First, the religious extremist elements are one the verge of extinction in Pakistan. This may sound surprising, even preposterous, but, as history informs, the dying forces make the most savage and brutal attempts for a comeback right before their ultimate destruction. The religious extremist groups were in more powerful position during the preceding decades. However, now they are loosing power every day and they are feeling frustrated over that. As the religious extremists are pushed to the end of their life line, they are going to make some last attempts to ensure their survival – attempts that will necessarily be extreme.

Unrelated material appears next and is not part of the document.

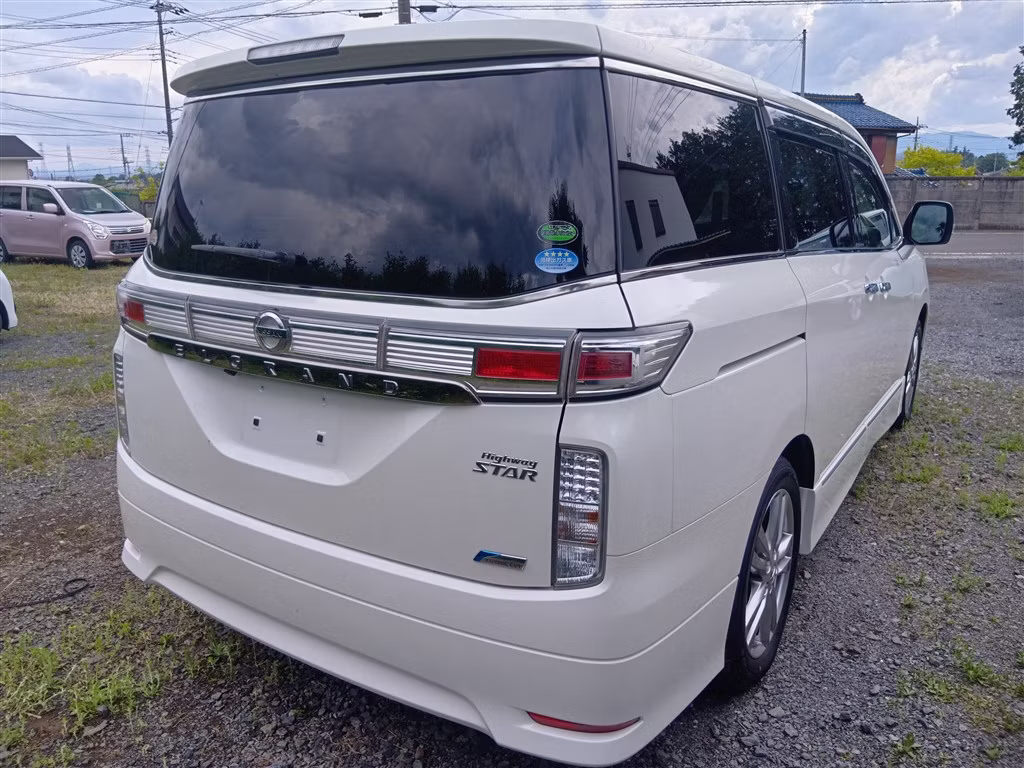 NISSAN ELGRAND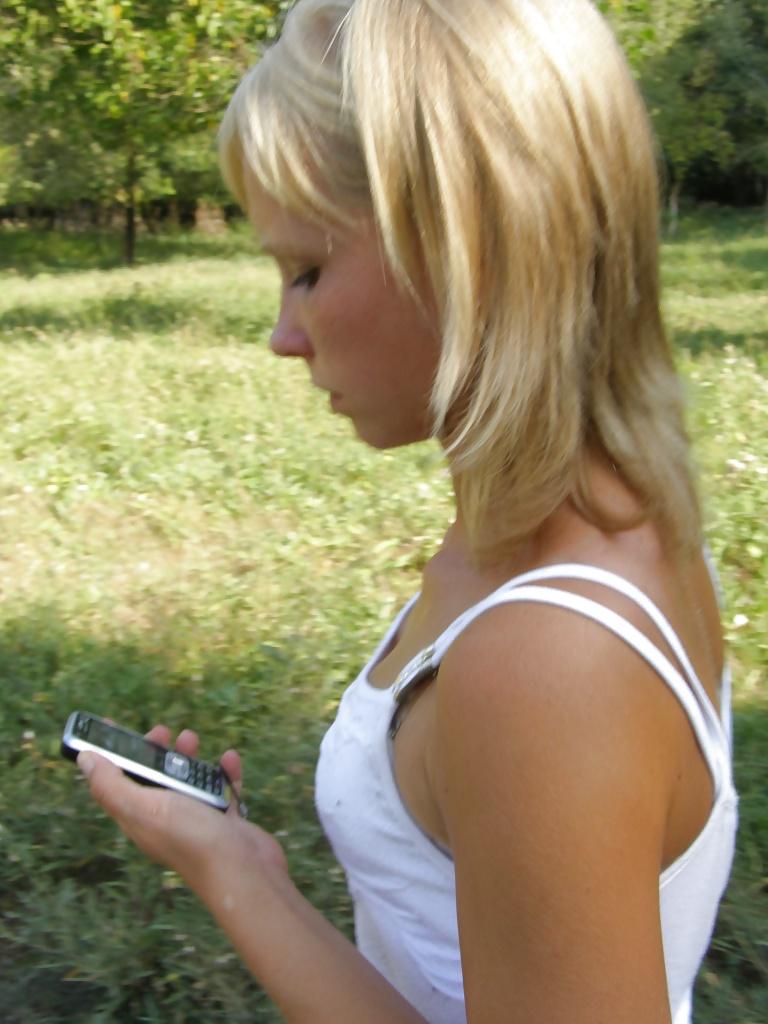 25P I walk in the woods without panties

Second, the most challenging job in eliminating a force which is regressive and reactionary, much like our extremist fellows, is serving the final blow. It is the most difficult to give the final shove, to force a man to let go of the end of the life line his life depends upon. Therefore, if we think that religious extremism is on the threshold of destruction, it must be recognized that it is more complicated to deal with it at present than it was in the past.

Third, people tend to attract to the extremes of religion primarily in order to seek an explanation for their economic and social grievances. Therefore, any attempt to remove extremism from our society must address these predicaments, and must, at least, provide an alternate and more satisfying explanation of the economic and social ills that come to define the life-cycles of the ordinary population. Therefore, there must be a more coherent and more agreeable theory that can explain to a common man the riddles behind his pain and suffering in a much better way than the account provided by the clergymen.

Fourth, the present status quo in the country – the military dictatorship – can not be relied upon to give the final death blow to religious extremism. This is because they are extremely incapable of alleviating poverty and suffering, which in a way serve their selfish interests, while affecting more and more people in Pakistan as the days go by. Moreover, they are also con not of give any explanations for the misery of the common man and continue to assert and reassert that all is going well when all is not going well. Furthermore, the ruling powers are also benefiting from the presence of religious extremism in Pakistan for it provides them with an opportunity to show to the rest of the world that they are best men to control the reins of power in Pakistan.

Fifth, religious extremism can not be curbed without a large scale engagement of people of Pakistan. It is only through a massive popular movement that the extremist elements can be shown the exit door. Through such a movement, people will not only challenge the alternate explanations for their sufferings conditions, but also, and more importantly, the status quo which turns a blind eye. Therefore, the struggle against religious extremism is strongly tied with the struggle against the present military dictatorship.

Sixth, and last, there is huge vacuum that needs to be filled without which one can not expect the large scale involvement of the people in the state of affairs of Pakistan: the lack of a proper public intelligentsia. It is usually not the case that people will by themselves understand the futility of the sermons of clergymen to come to terms with the progressive agenda. There is always a need of those who can share the necessary public knowledge with the people and lead them out of the abyss of the conservative and reactionary propaganda.

Our present intelligentsia, with minor exceptions, has thoroughly failed to construct a coherent theory to address the plight of the common man and to provide an ideal to substitute the unjust political, social, and economic structures. There is no good reason to expect that our intelligentsia will be able to change their attitudes as a collective in the recent future. To be very straight forward, those who have decided their occupations are to live in the comforts of the ivory towers are more or less useless for the people of Pakistan. What Pakistan needs the most, and what the situation demands, is a new breed of intellectuals to guide the people to a meaningful change – those who consider it their duty not only to interpret the world, but also to change it.